The factual allegations of this case are well known by the parties, and are not imperative for the instant dispute; therefore the Court will only focus on those facts necessary for determination of the instant motion. By joint motion of the parties, the Court extended discovery deadlines, ordering fact discovery to be completed by October 14, 2011, and expert discovery to be completed by November 18, 2011. Order of 9/12/11, (ECF No. 20). On October 11, 2012, Defendant sent Plaintiff a Supplemental Expert Report prepared by defense liability expert, Timothy Kyper. Pl.'s Mot. in Limine, (ECF No. 73) at ¶ 18. The substance of the Supplemental Report concerns the Plaintiff's deposition of a defense fact discovery witness, Edward Antonacci, taken two days prior on October 8, 2012. Def.'s Resp. to Pl.'s Mot. in Limine, (ECF No. 76) at ¶ 1. The parties stipulated to extending the discovery period for Plaintiff to take Mr. Antonacci's deposition, although it was taken nearly one year after fact discovery had closed, and Mr. Antonacci was identified in Defendant's Answers to Plaintiff's Interrogatories. Id., (ECF No. 76) at ¶ 2-3. Plaintiff argues that through the Supplemental Expert Report, Mr. Kyper "offers new opinions and new evidence [other than those offered in his Expert Report] which was or should have been in the possession of the defense prior to the close of discovery." Pl.'s Brief in Support of Mot. in Limine, (ECF No. 73-1) at 2. Defendant contends that Mr. Kyper prepared his Supplemental Expert Report from information recently made of record from Mr. Antonacci's deposition. Def.'s Resp. to Pl.'s Mot. in Limine, (ECF No. 76) at ¶ 4. Defendant further argues that the "supplemental report in no way alters or expands" Mr. Kyper's original Expert Report, but "reiterates [his] original opinions." Id., (ECF No. 76) at ¶ 5 (emphasis in original).

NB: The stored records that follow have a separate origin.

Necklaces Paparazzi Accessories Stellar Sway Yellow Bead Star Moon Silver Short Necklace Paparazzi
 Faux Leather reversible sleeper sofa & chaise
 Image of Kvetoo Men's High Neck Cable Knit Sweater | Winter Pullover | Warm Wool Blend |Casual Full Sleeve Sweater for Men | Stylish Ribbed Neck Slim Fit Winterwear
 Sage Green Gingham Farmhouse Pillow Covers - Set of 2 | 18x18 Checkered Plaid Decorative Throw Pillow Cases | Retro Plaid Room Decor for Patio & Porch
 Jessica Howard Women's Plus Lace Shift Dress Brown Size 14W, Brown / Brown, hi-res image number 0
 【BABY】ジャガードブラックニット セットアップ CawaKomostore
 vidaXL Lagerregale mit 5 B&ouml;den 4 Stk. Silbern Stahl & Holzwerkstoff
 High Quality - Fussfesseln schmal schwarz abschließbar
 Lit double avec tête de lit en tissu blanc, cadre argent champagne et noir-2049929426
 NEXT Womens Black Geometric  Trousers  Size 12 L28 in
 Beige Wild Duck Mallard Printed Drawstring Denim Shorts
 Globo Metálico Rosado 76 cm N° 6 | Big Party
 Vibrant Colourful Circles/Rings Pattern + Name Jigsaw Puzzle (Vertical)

Federal Rule of Civil Procedure 26(a)(2)(C) establishes the timing of required disclosures of experts' identities and reports, providing:
(C) Time to Disclose Expert Testimony. A party must make these disclosures at the times and in the sequence that the court orders. Absent a stipulation of a court order, the disclosures must be made:
(i) at least 90 days before the date set for trial or for the case to be ready for trial; or
(ii) if the evidence is intended solely to contradict or rebut evidence on the same subject matter identified by another party under Rule 26(a)(2)(B), within 30 days after the other party's disclosure.
Fed. R. Civ. P. 26(a)(2)(C).
Under Federal Rule of Civil Procedure 37(c)(1), if a party "fails to provide information or identify a witness as required in Rule 26(a) . the party is not allowed to use that information or witness to supply evidence . at a trial, unless the failure was substantially justified or is harmless." Fed. R. Civ. P. 37(c)(1). However, "the imposition of sanctions for abuse of discovery" is discretionary. Newman v. GHS Osteopathic, Inc., 60 F.3d 153, 156 (3d Cir. 1995). The non-producing party has the burden of proving substantial justification or that its failure to produce was harmless. Waites v. Kirkbride Ctr., 2012 WL 3104503, *6 (E.D.Pa. July 30, 2012) (citations omitted).
The Court of Appeals for the Third Circuit has imposed that a district court must consider the following factors in exercising its discretion to determine whether to ...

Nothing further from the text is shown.